**Work instruction**
Your answer should hold exactly the lines below from the line with "1211 Lawson Rd, Murray, KY 42071" through the line with "Kamen Rider Skull", both included, and no pictures at all.

**Exercise inputs**
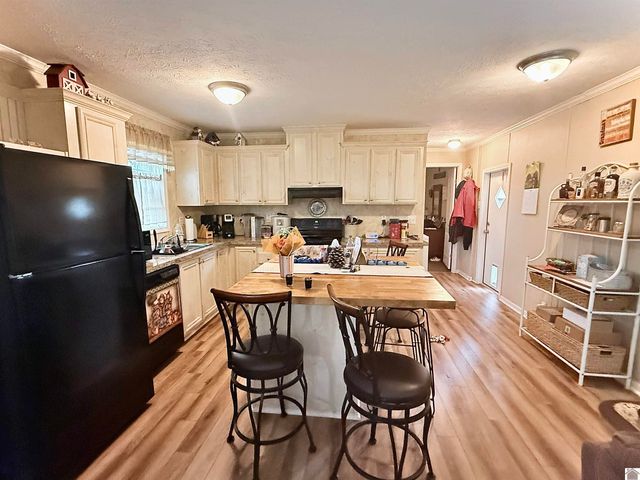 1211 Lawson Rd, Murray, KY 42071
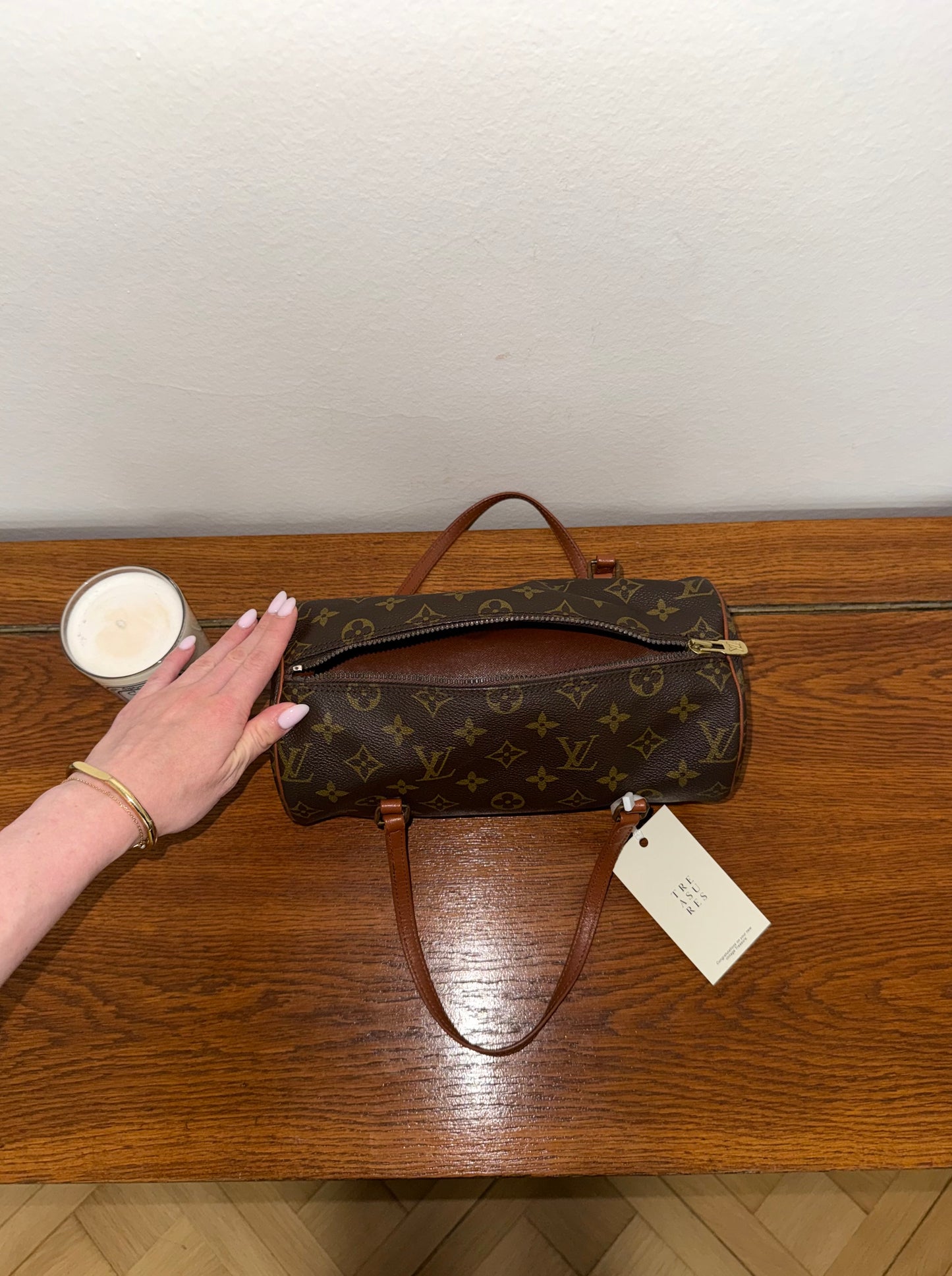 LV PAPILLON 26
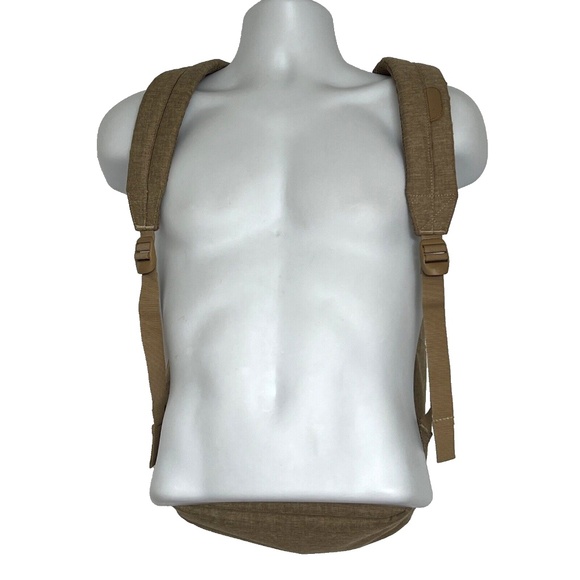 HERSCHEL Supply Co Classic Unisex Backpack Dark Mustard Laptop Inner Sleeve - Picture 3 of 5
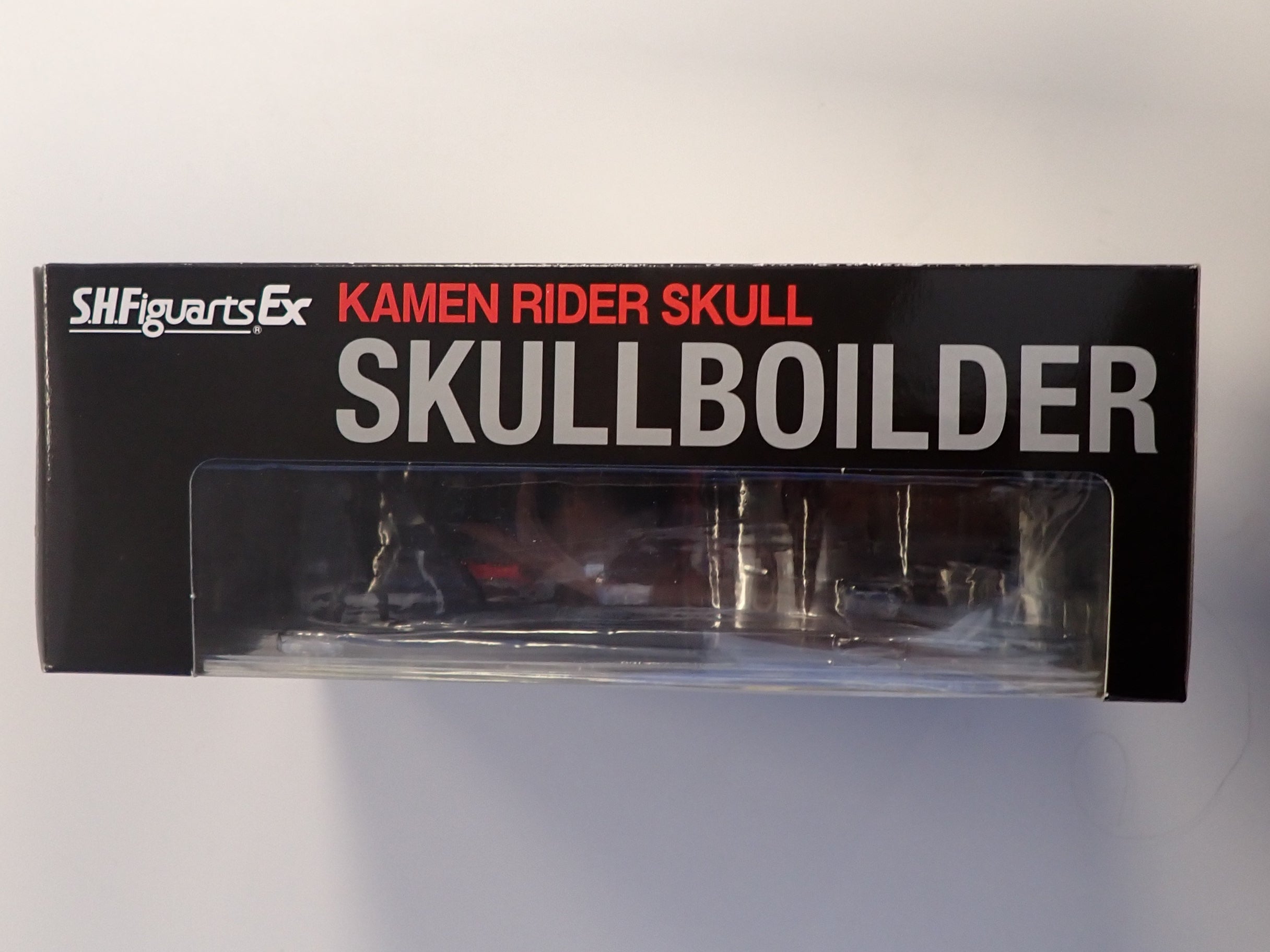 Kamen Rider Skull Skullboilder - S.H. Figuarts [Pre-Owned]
* * *
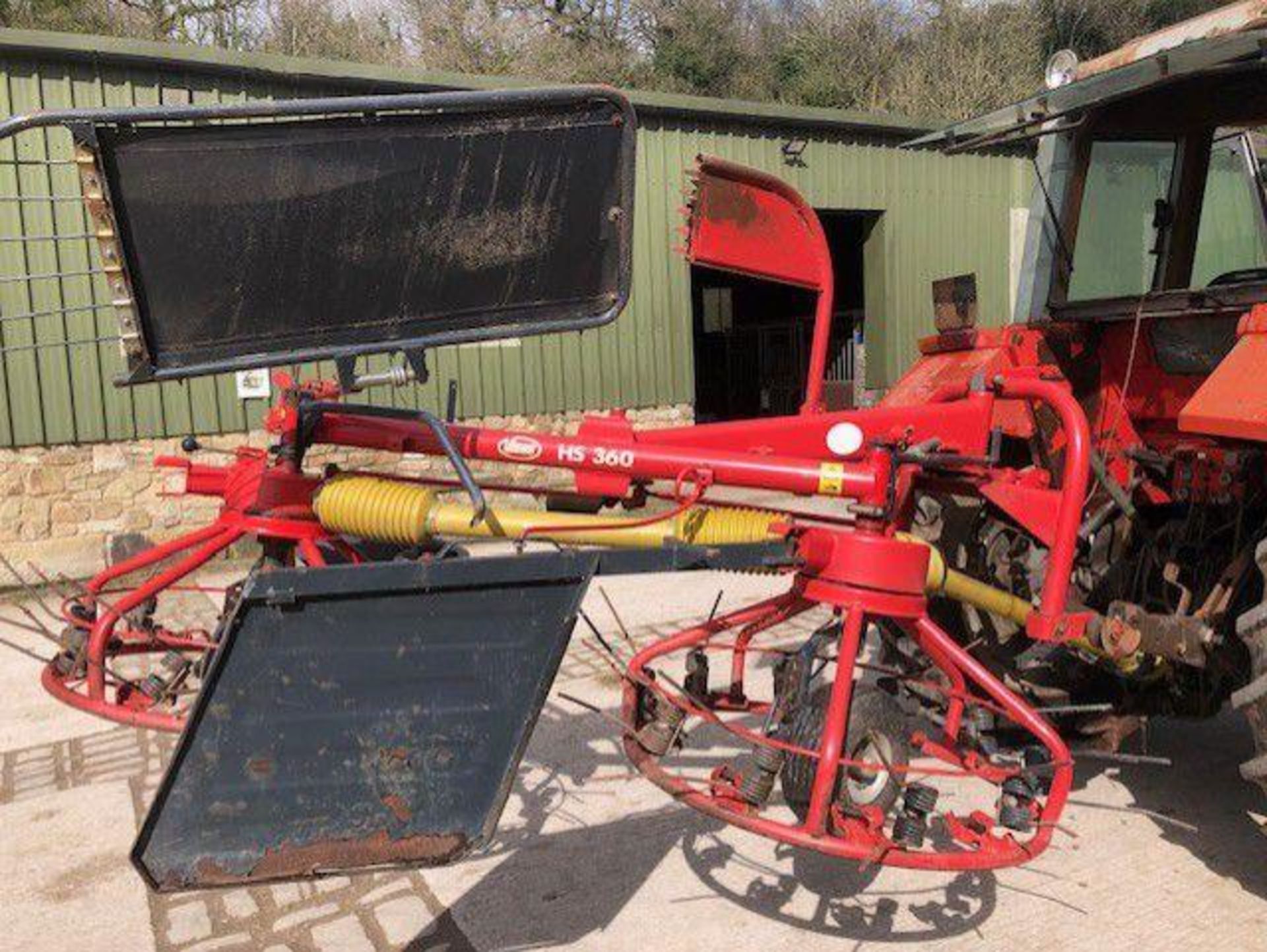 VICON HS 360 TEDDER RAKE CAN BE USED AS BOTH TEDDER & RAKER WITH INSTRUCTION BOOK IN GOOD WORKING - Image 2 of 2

**Solution for this problem**
 1211 Lawson Rd, Murray, KY 42071
 LV PAPILLON 26
 HERSCHEL Supply Co Classic Unisex Backpack Dark Mustard Laptop Inner Sleeve - Picture 3 of 5
 Kamen Rider Skull Skullboilder - S.H. Figuarts [Pre-Owned]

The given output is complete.